10 Tips For Handling Incoming Calls Professionally In Any Healthcare Environment

A virtual assistant handling incoming callsWhether in a clinical or private medical practice setting, the person handling your incoming calls is often faced with a multitude of issues that your patients need them to deal with. They may take time dealing with individual queries or referring patients to someone else, but either way, this takes time. As a result, patients often have to wait until someone in your practice can deal with their calls. Listening to a generic tune while waiting on hold for long minutes can cause frustration and annoyance. Patients can ultimately be left feeling that you, as their healthcare provider, don't care enough to meet their needs.
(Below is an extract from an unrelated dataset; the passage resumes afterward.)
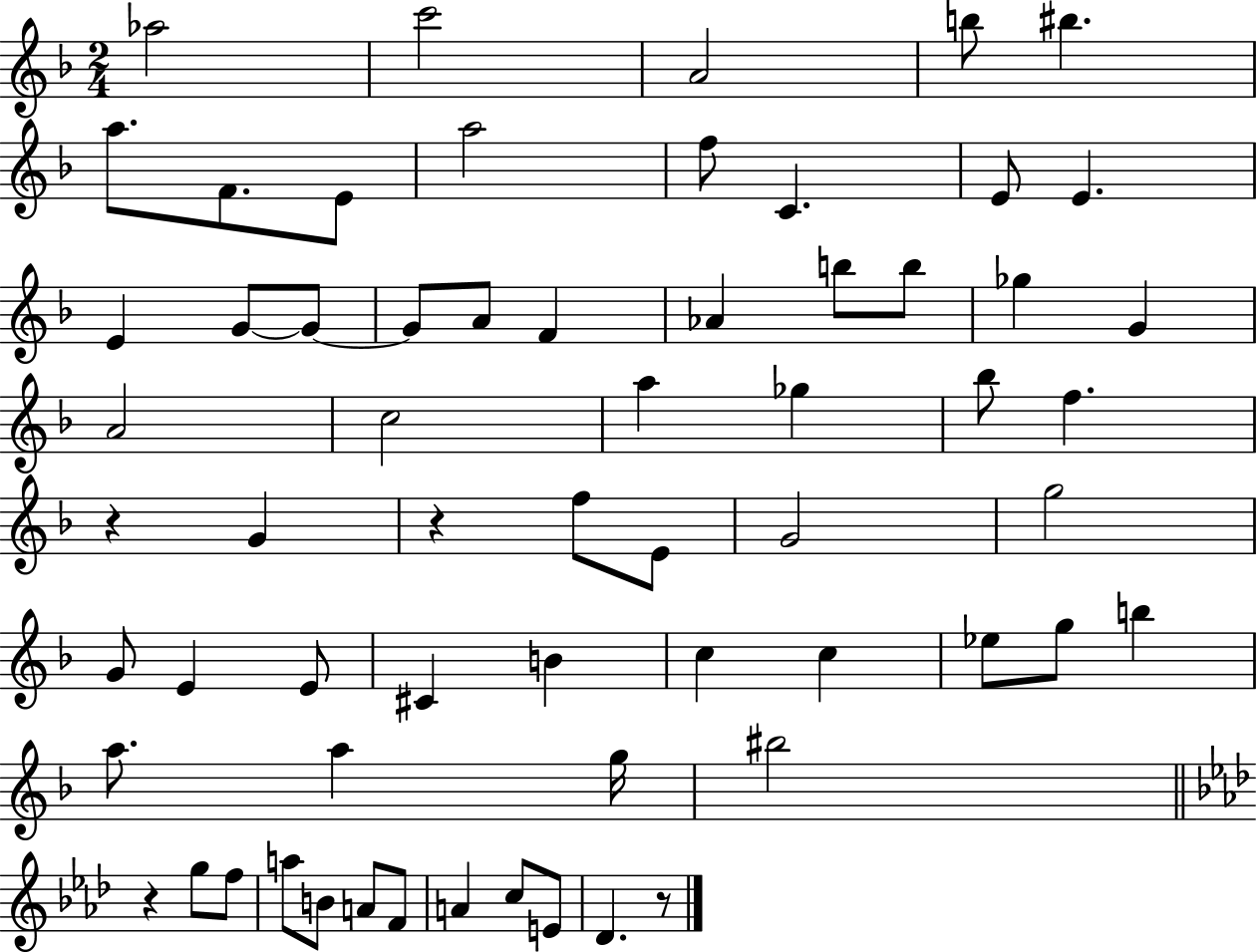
Ab5/h C6/h A4/h B5/e BIS5/q. A5/e. F4/e. E4/e A5/h F5/e C4/q. E4/e E4/q. E4/q G4/e G4/e G4/e A4/e F4/q Ab4/q B5/e B5/e Gb5/q G4/q A4/h C5/h A5/q Gb5/q Bb5/e F5/q. R/q G4/q R/q F5/e E4/e G4/h G5/h G4/e E4/q E4/e C#4/q B4/q C5/q C5/q Eb5/e G5/e B5/q A5/e. A5/q G5/s BIS5/h R/q G5/e F5/e A5/e B4/e A4/e F4/e A4/q C5/e E4/e Db4/q. R/e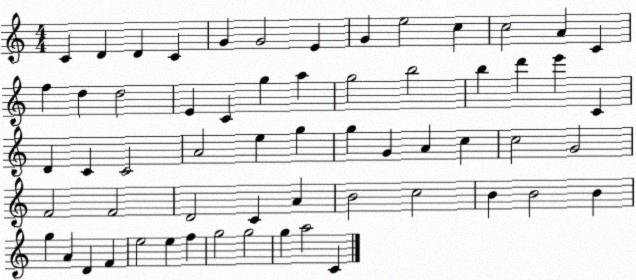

However, making a few, easy changes in your phone answering protocol could provide your patients with better service while freeing up your staff members to focus on other matters.

A successful medical practice receives many calls during the day. Patients may need to make or reschedule appointments, get a refill authorization, or want clarification about certain things that came up during their consultation. The person handling incoming calls at your practice may not be in a position to deal with all of these issues, so they may need to refer certain calls to others. Making use of new technologies, however, can help your practice better deal with the situation. Outsourcing may help free up valuable time while ensuring all your practice’s incoming calls are handled speedily and professionally.

A virtual assistant from Cool Blue VA, for example, can make use of technology to gain the needed information from your practice and deal with any patient queries and concerns.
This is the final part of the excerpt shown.